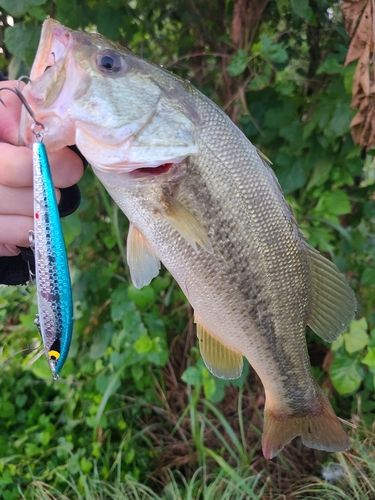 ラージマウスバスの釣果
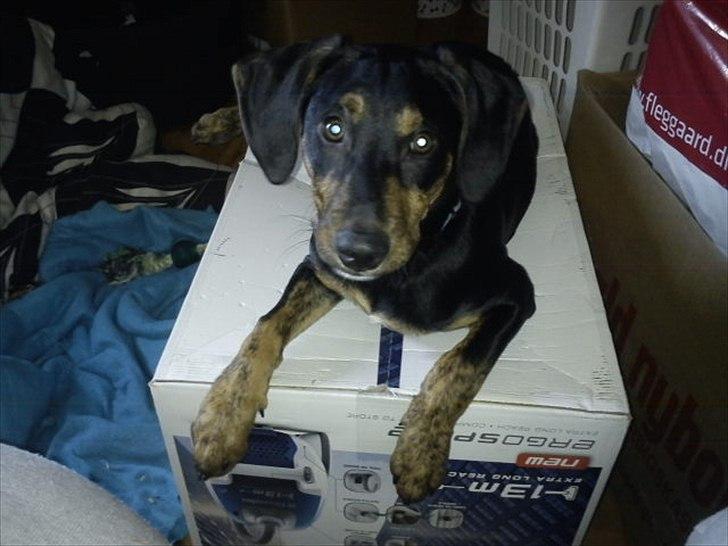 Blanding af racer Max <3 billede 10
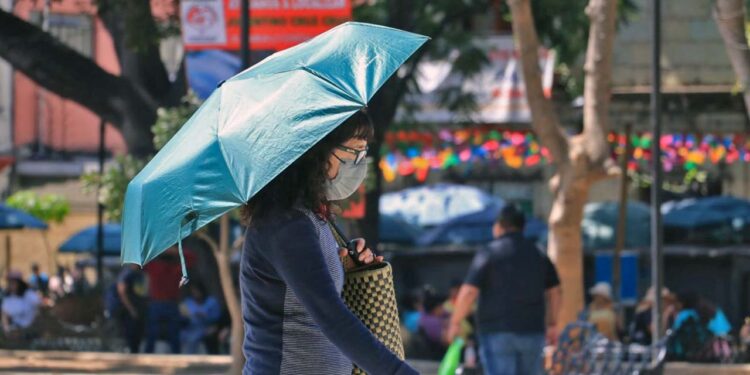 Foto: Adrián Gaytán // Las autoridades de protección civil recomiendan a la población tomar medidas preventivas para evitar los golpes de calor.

> What to work on
Line by line, write out the material exactly, leaving the images out.

> Response
 ラージマウスバスの釣果
 Blanding af racer Max <3 billede 10
 Foto: Adrián Gaytán // Las autoridades de protección civil recomiendan a la población tomar medidas preventivas para evitar los golpes de calor.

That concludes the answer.